On 06.03.2009 09:22, Mladen Turk wrote:
BZ 46808 is valid but it brings us back where we were before.
It solves (well doesn't actually) one thing,
but breaks the sticky sessions.
Unless the patch reliably detects the cause of failure
I'm -1 for committing that. The problem is that returned
codes from socket operations are platform specific, and
then what if some one pulls the cable in the middle of
AJP request? The possibilities are endless, and trying to
solve each and every one is over engineering thought.
We should keep the things simple:
"If there are opened connections to the backend do not
mark that worker in error"
We simply do not know the status of the network beyond
the current connection. It might be Tomcat rejecting
new connections, firewall reaching the limit, ulimit,
ssh tunnel restart, etc, etc ...
So although our connection fails other might still
work. If we can for sure detect something as absolute
failure then we could save some concurrent client
cycles, but then again we have a watchdog that can
check all the client connections in background.
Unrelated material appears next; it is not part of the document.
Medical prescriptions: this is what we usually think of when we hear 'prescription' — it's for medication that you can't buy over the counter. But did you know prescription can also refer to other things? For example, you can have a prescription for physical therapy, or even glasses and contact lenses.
I don't want to simply commit the patch of BZ 46808, I first want to
fully understand the construction and implications of the local error
states. I did understand the concept in general (even before 1.2.27 was
released), but nevertheless I have some questions:
1) New busy introduced in r647085
=================================
We have three busy counters:
a) one for the lb in total
b) one for each lb sub
c) one for each ajp worker
In status worker we use only a) and c). In lb we use a) and b). Your
comment to BZ 46808 seems to indicate, that using c) instead ob b) in lb
would be better. We could then again remove b).
Right?
So we could drop the rec->s->busy++ and --, because that's done for the
ajp busyness alredy in jk_ajp_common.c and we would test against
aw->s->busy instead of rec->s->busy.
OK?
2) Local states vs. global states
=================================
I went through all places were we use and set states in lb. I have some
comments:
a) Setting local states and global states to different values
-------------------------------------------------------------
Of course the whole idea of the local state is to allow situations,
where we behave different for a single request and for the rest of the
system. On the other hand if we have to many such differences, the
system gets very complex, because as you can see further down, we need
to carefully decide whether we need to test against the global or
against the local state.
First the easier cases (I think)
(i) JK_CLIENT_ERROR
1258 else if (service_stat == JK_CLIENT_ERROR) {
1259 /*
1260 * Client error !!!
1261 * Since this is bad request do not fail over.
1262 */
1263 rec->s->state = JK_LB_STATE_OK;
1264 p->states[rec->i] = JK_LB_STATE_ERROR;
1265 rec->s->error_time = 0;
1266 rc = JK_CLIENT_ERROR;
1267 recoverable = JK_FALSE;
1268 }
recoverable=JK_FALSE means we no longer loop in service() and thus
states are no longer used. I would therefore suggest to keep the two
states equal to "OK" here. It doesn't matter for the logic, but makes
keeping track of the differences easier.
(ii) JK_STATUS_FATAL_ERROR
1291 else if (service_stat == JK_STATUS_FATAL_ERROR) {
1292 /*
1293 * Status code configured as service is down.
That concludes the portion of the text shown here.